Lowell was translating the Rimbaud poem
around the time he wrote "Union" (his rhymed version appears in
"Imitations"), and I think Rimbaud's quatrains influenced his
stanzaic choice.
Rimbaud's
last image is
of a boat stuck in mud in the middle of a lake; Lowell shows us the
"savage servility" of an evil automotived populace, a car-culture
that "slides by on grease." "Everywhere giant-finned cars nose forward
like fish." The lake where fish should be swimming. Boat: car.
"The old South Boston Aquarium."
The two poems mirror each other to some
extent, and I wonder if Lowell worked these intertangencies consciously. Both poets biographically shared the drama of
an overbearing needy mother and absent, militarized father (a plot poignantly
depicted in "Memoire"), and perhaps some of the power of Lowell's
poem comes from this Oedipal engine.
Whether your vroomvroom boat is dredge-caught in mud, or whether your
giant finned car (what is a boat but a finned car) slides by on grease, forget
it. You ain't going nowhere, little guy:
c'mere and let me tuck you in.
Momma
mud, granny grease. They gonna get you
in the end.
Re
the Oedipal underlay of "Union Dead": re the poem's ending: the
chariot from which King Laios ordered a young tramp standing in the crossroads
to step aside, get out of my way: that royal vehicle is now
"everywhere": the "giant-finned cars" of the fathers are flooding
everywhere, commanding passage, imposing their imperial progress.

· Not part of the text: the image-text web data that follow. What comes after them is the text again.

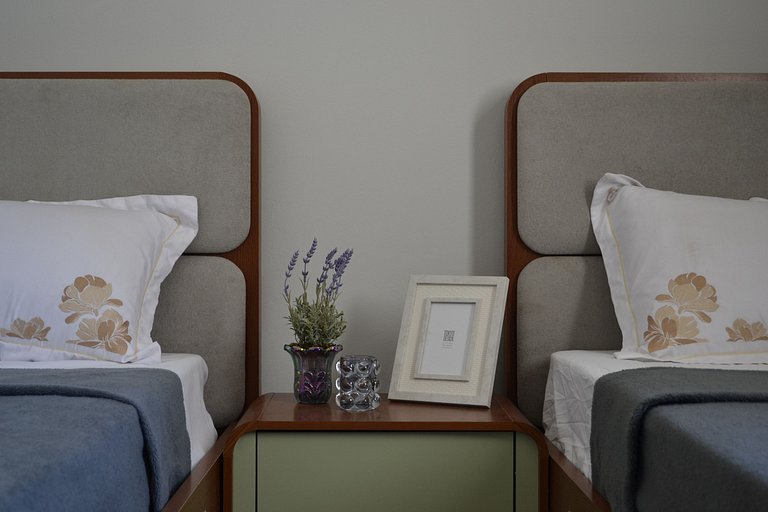 Your Modern Retreat | 3 Elegant Bedrooms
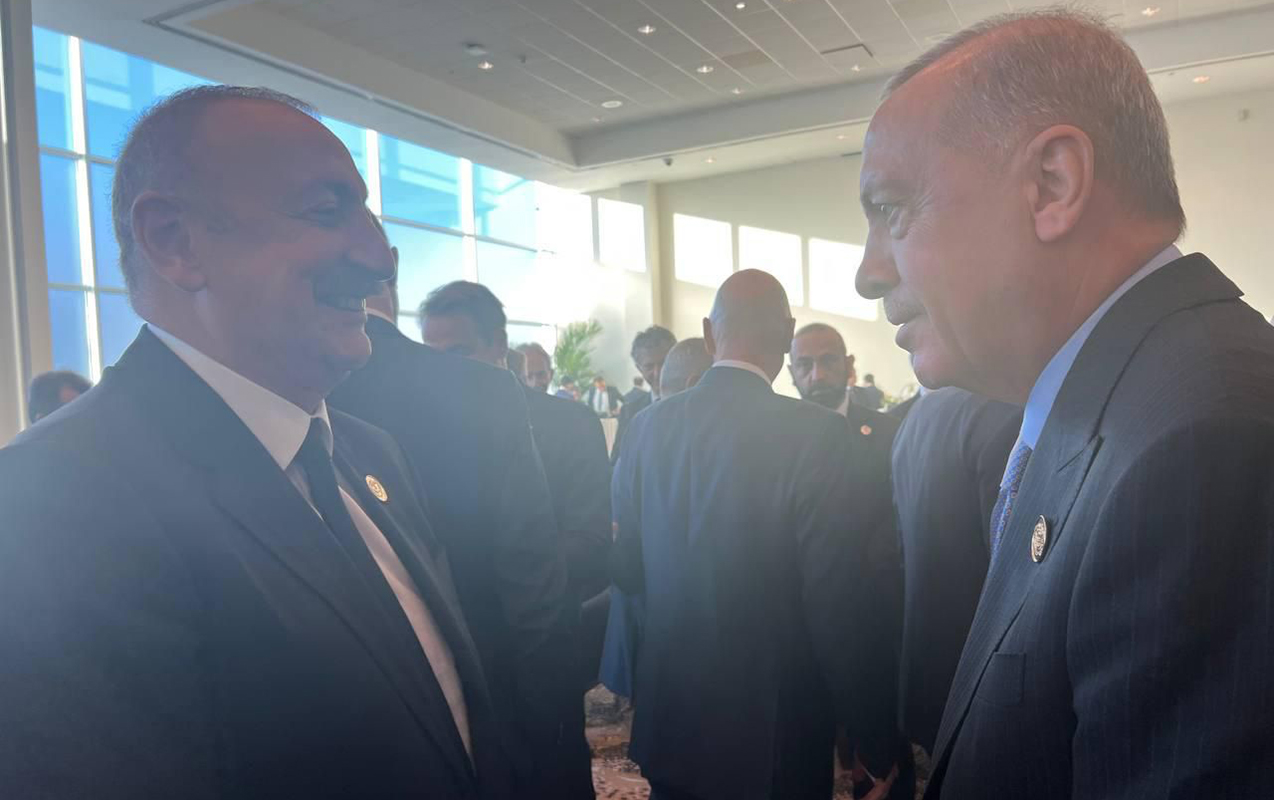 Misirdə qardaşlıq görüşü...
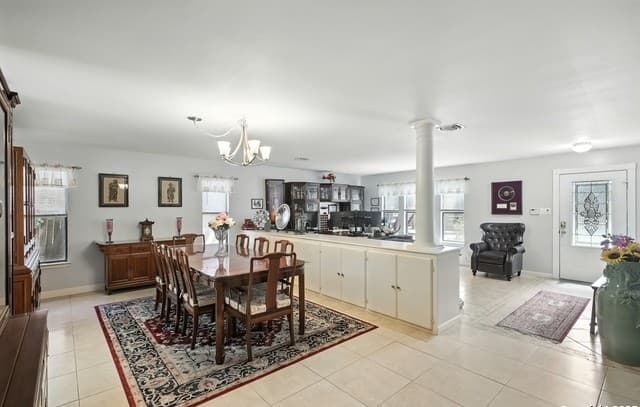 4-bedroom rental at 16414 Bulverde Point in San Antonio, TX — photo 5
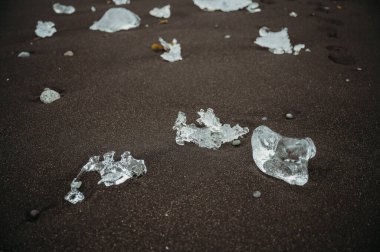 Diamond Beach, İzlanda 'da buzlar siyah kumun üzerinde, yakın çekim görüntüsü.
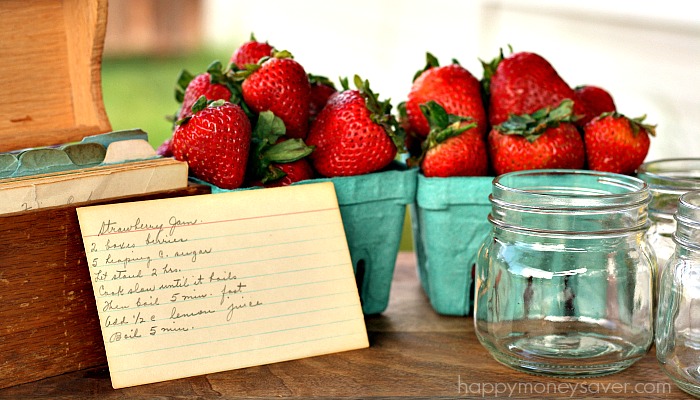 This old fashioned strawberry jam recipe has no pectin and tastes like fresh strawberries. #vintage #recipes #strawberryjam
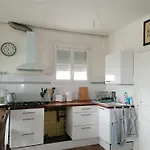 La Petite Maison De 펜션 *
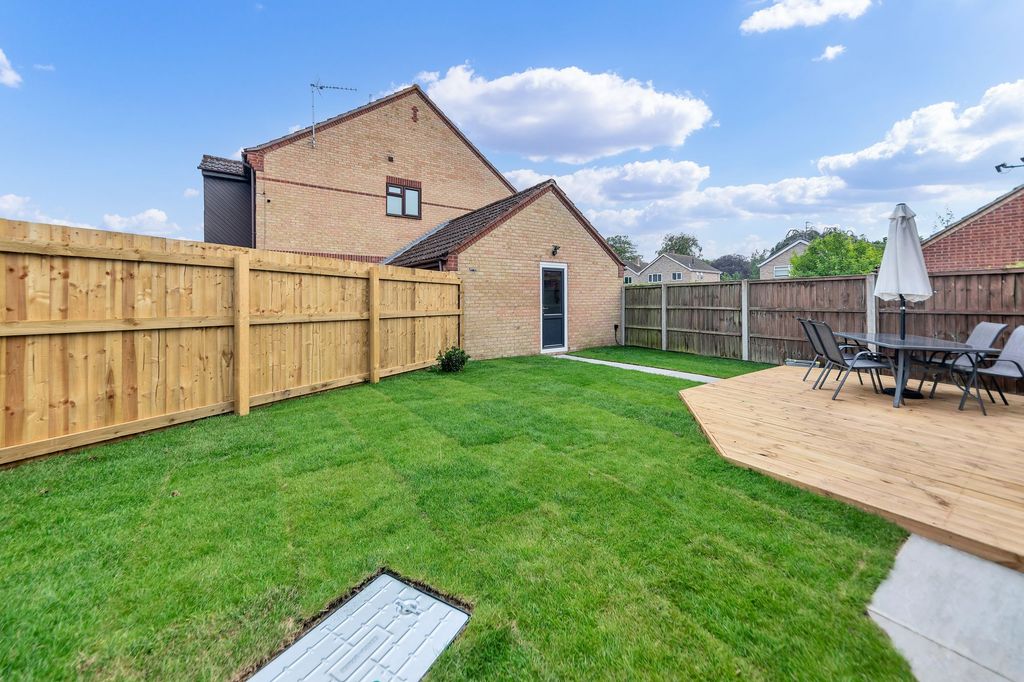 Property photo 2 of 12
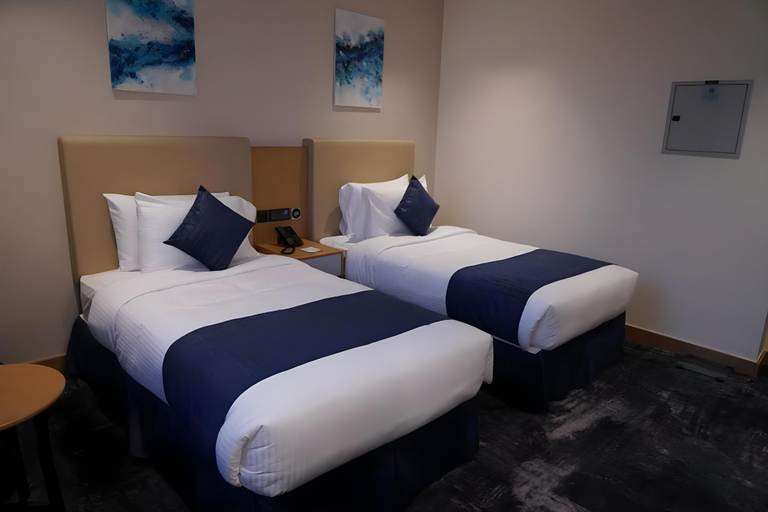 Bedroom 2, Al Hayat Hotel, Sharjah City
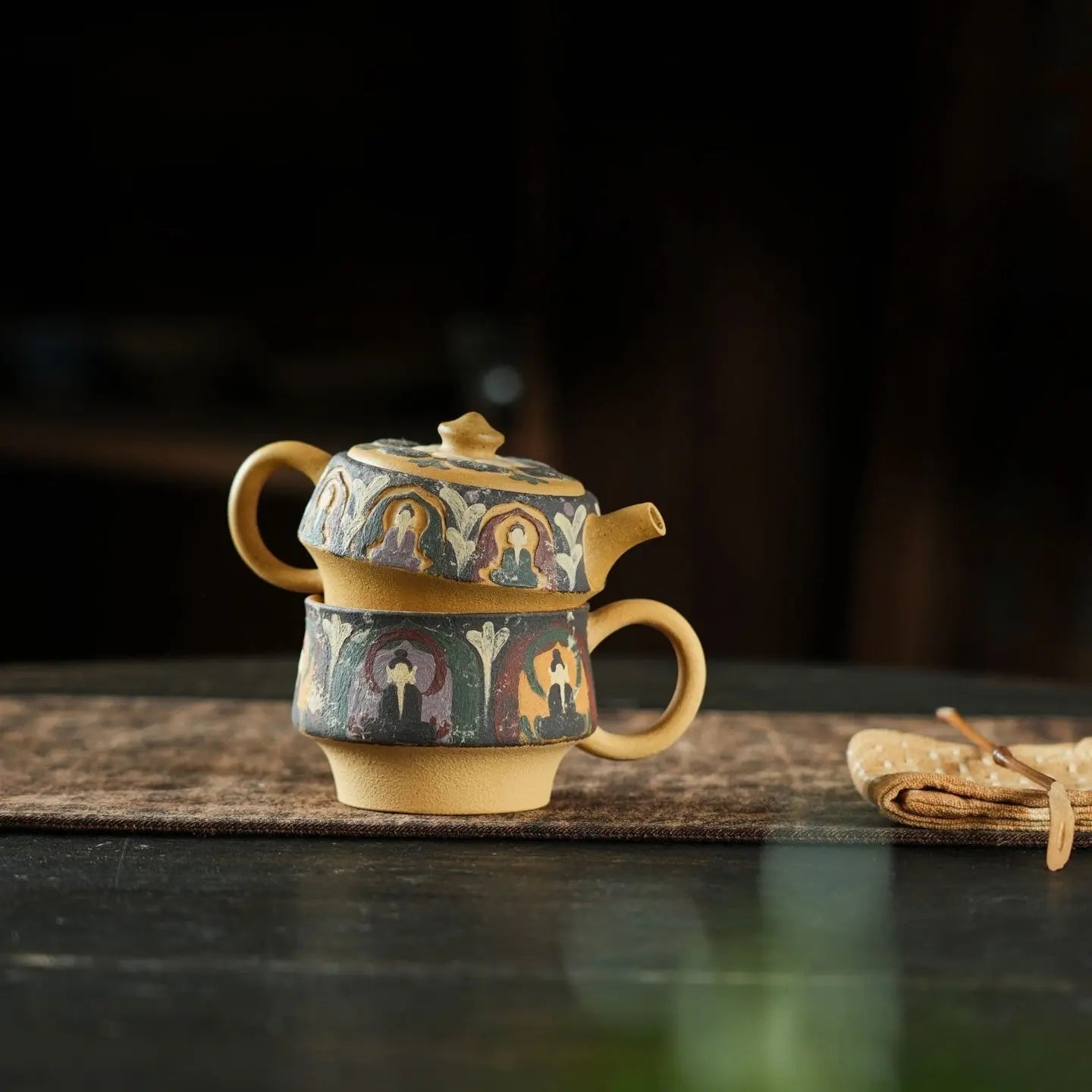 Qian Fo 130cc - Yixing Handmade Teapot 江苏宜兴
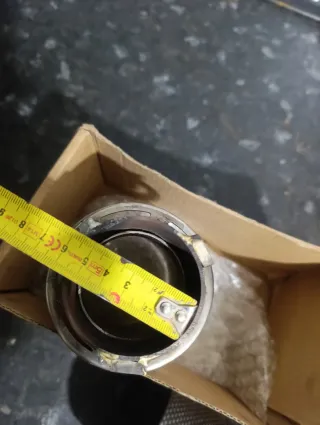 Cola de escape carbono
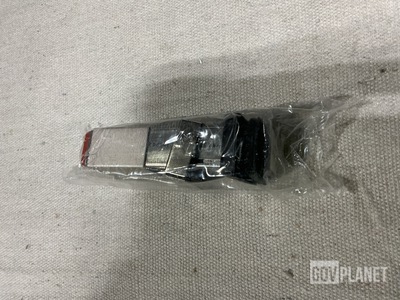 L3 4950P7002-395244 Push Switch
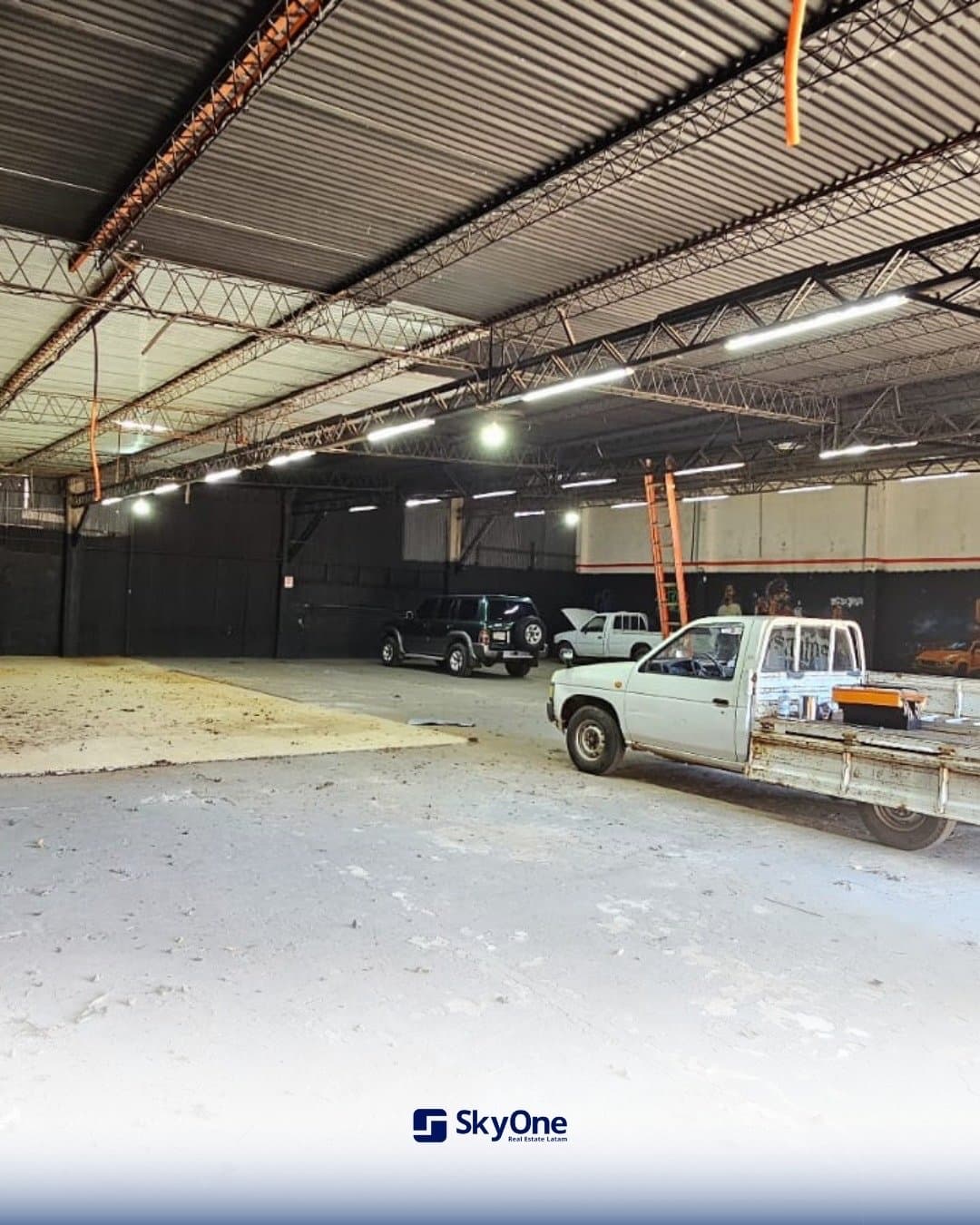 Showroom Con Deposito Los Laureles, foto 2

(Perhaps the father slain is Allen Tate, and
"the gentle serpent" that concludes his "Ode to the Confederate
Dead" is reverse-echoed as homage/assuage by "a savage
servility.")
Lowell
didn't mention in his depiction of the subterranean public parking garage
beneath Boston Common that, as usual in this city where the Revolution was
fostered with such ideals of freedom, the contract to build the project was
given to those criminous Mafia-made construction companies who use (what else) substandard
materials to increase their profit, with kickbacks to everyone in government,—
all of which led of course to the garage falling apart a mere two decades after
Lowell witnessed its first incursions: its ceilings and walls caved in and
crumbled, resulting in the whole thing having to be built again, as it were
tautologically . . .
the cyclical greeds of politics and war seem unending,
ending as always in more mire.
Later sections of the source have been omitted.